- Task instructions
Nothing but the lines from the one holding "Colorful Flowers Leaf Bedspread Set" through the last line of the material below should be set down, exactly and without images.

- Recorded data

________________

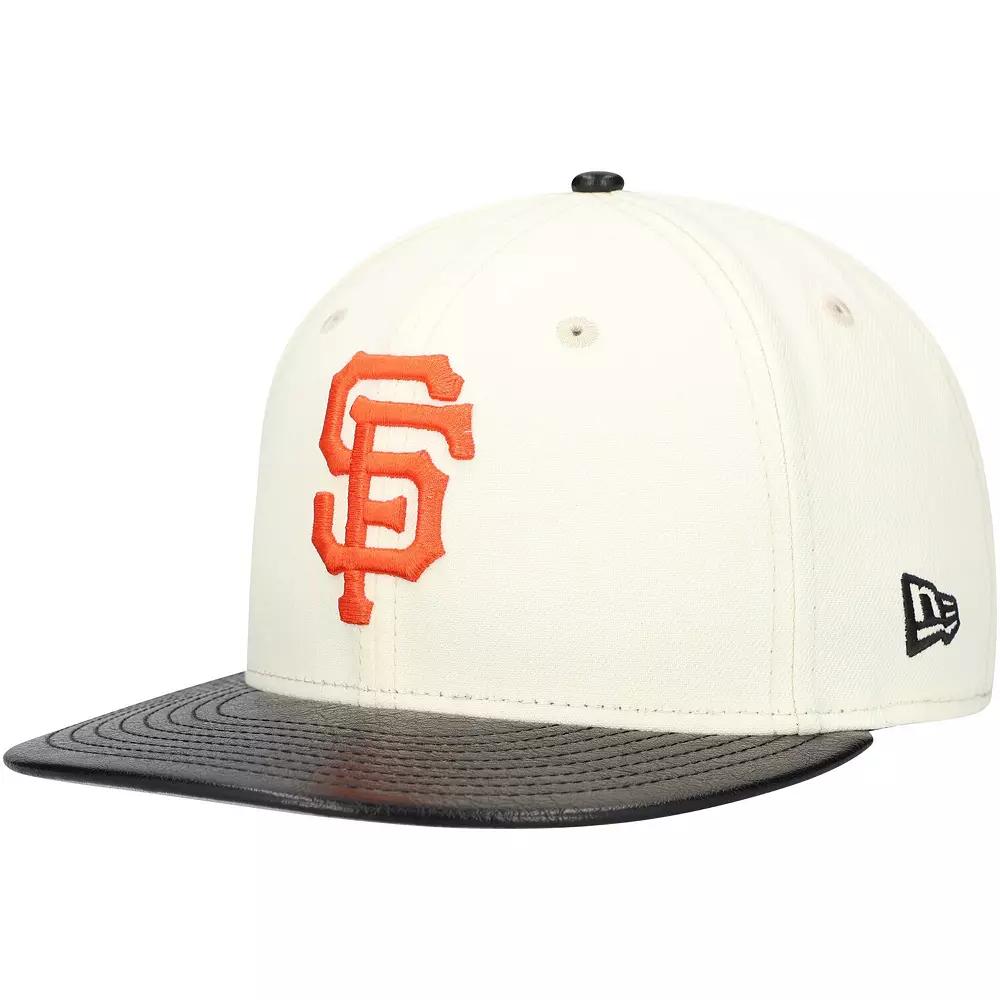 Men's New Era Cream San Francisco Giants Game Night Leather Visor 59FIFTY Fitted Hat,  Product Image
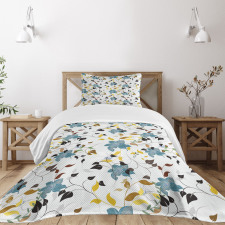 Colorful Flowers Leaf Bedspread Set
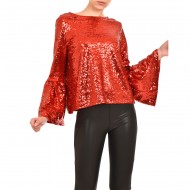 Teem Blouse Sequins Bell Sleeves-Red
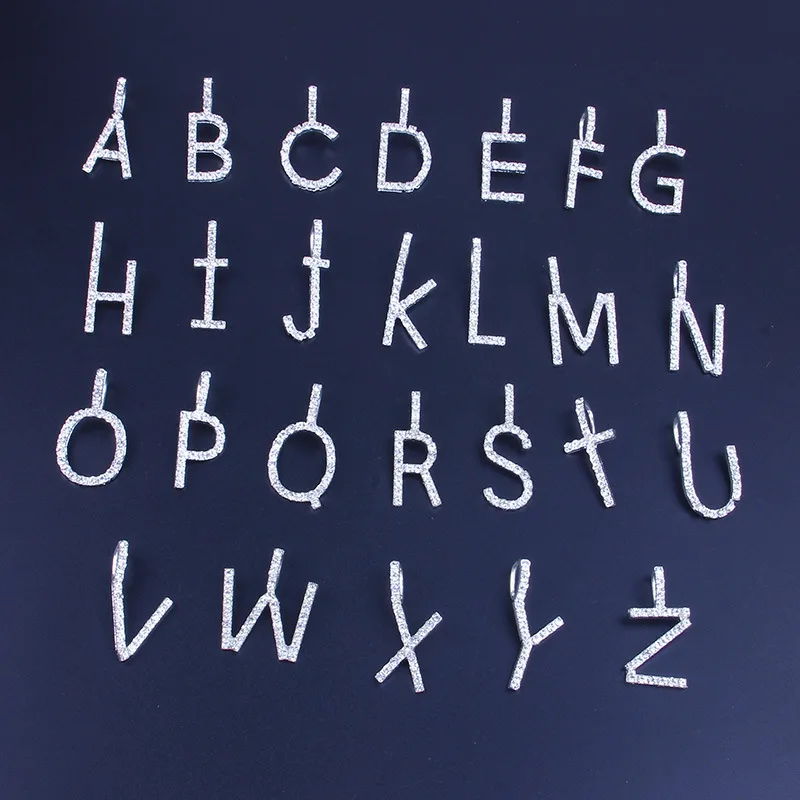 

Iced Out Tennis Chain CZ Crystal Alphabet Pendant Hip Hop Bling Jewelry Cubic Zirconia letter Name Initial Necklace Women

________________

- Exercise output
 Colorful Flowers Leaf Bedspread Set
 Teem Blouse Sequins Bell Sleeves-Red

Iced Out Tennis Chain CZ Crystal Alphabet Pendant Hip Hop Bling Jewelry Cubic Zirconia letter Name Initial Necklace Women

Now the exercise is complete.